- Theatrical release poster
- Directed by: Erle C. Kenton
- Written by: Damon Runyon Allen Boretz John Grant
- Produced by: Alex Gottlieb
- Starring: Bud Abbott Lou Costello Grace McDonald Cecil Kellaway Eugene Pallette
- Cinematography: Charles Van Enger
- Edited by: Frank Gross
- Music by: Harry Revel
- Distributed by: Universal Pictures
- Release date: March 10, 1943;
- Running time: 80 min
- Country: United States
- Language: English
- Box office: $1.6 million (US rentals)

= It Ain't Hay =

1943 film by Erle C. Kenton

It Ain't Hay is a 1943 film starring the comedy team of Abbott and Costello.

==Plot==
Cab driver Wilbur Hoolihan accidentally kills a hack horse owned by King O'Hara and his daughter, Princess O’Hara, by feeding it candy. In hopes of raising enough money to replace it, he and his friend Grover Mockridge visit a crooked gambling parlor. They win enough money, but before they can purchase a new horse, a con man swindles Wilbur out of the cash. Some touts inform Wilbur and Grover that an old horse is available for free at one of the upstate tracks. They visit the track but mistakenly take the wrong horse, a champion by the name of Tea Biscuit, and present the horse to O'Hara.

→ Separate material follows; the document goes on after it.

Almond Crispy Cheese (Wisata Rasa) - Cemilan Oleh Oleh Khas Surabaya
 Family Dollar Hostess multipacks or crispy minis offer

Tea Biscuit's owner, Col. Brainard, offers a reward for the return of the horse. By this time, O'Hara has taken a fare up to Saratoga. Wilbur and Grover, realizing their error, drive to Saratoga to find O'Hara. The three touts also realize that Wilbur and Grover took Tea Biscuit, and trail them hoping to recover the horse and collect the reward. Wilbur and Grover manage to find O'Hara and hide Tea Biscuit in their hotel room, but they are hounded by the house detective, Warner, who was tipped off by the touts. Fleeing Warner, Wilbur rides the horse but ends up at the track in time for a big race. The three touts and Warner converge on the track and confront Grover, who makes a deal with them to turn over the horse Wilbur riding for $100. Grover then uses that money to bet on Tea Biscuit. Before the race, Wilbur is thrown off Tea Biscuit and lands on Rhubarb, and Rhubarb's jockey saddles up Tea Biscuit. With a real jockey aboard, Tea Biscuit wins the race while Wilbur and Rhubarb come in last. Warner and the touts take Wilbur's horse, which they believe is Tea Biscuit, to Col. Brainard for the reward, but it is the wrong horse. Grover holds the only winning ticket on Tea Biscuit, and uses the windfall to buy O'Hara a replacement horse.

==Cast==
- Bud Abbott as Grover Mockridge
- Lou Costello as Wilbur Hoolihan
- Grace McDonald as Kitty McGloin
- Cecil Kellaway as King O'Hara
- Eugene Pallette as Gregory Warner
- Patsy O'Connor as Peggy / Princess O'Hara
- Leighton Noble as Pvt. Joe Collins
- Shemp Howard as Umbrella Sam
- Samuel S. Hinds as Col. Brainard
- Eddie Quillan as Harry the Horse
- Richard Lane as Slicker
- Andrew Tombes as Big-Hearted Charlie
- Wade Boteler as Reilly
- Selmer Jackson as Grant
- The Four Step Brothers
- The Vagabonds
- Mike Mazurki as Bouncer (Uncredited)
- Herb Vigran as Man in the Back Room (Uncredited)
- Pierre Watkin as Major Harper (Uncredited)

==Production==
It Ain't Hay is based upon the Damon Runyon story, Princess O'Hara, which Universal first made into a film in 1935 with Chester Morris.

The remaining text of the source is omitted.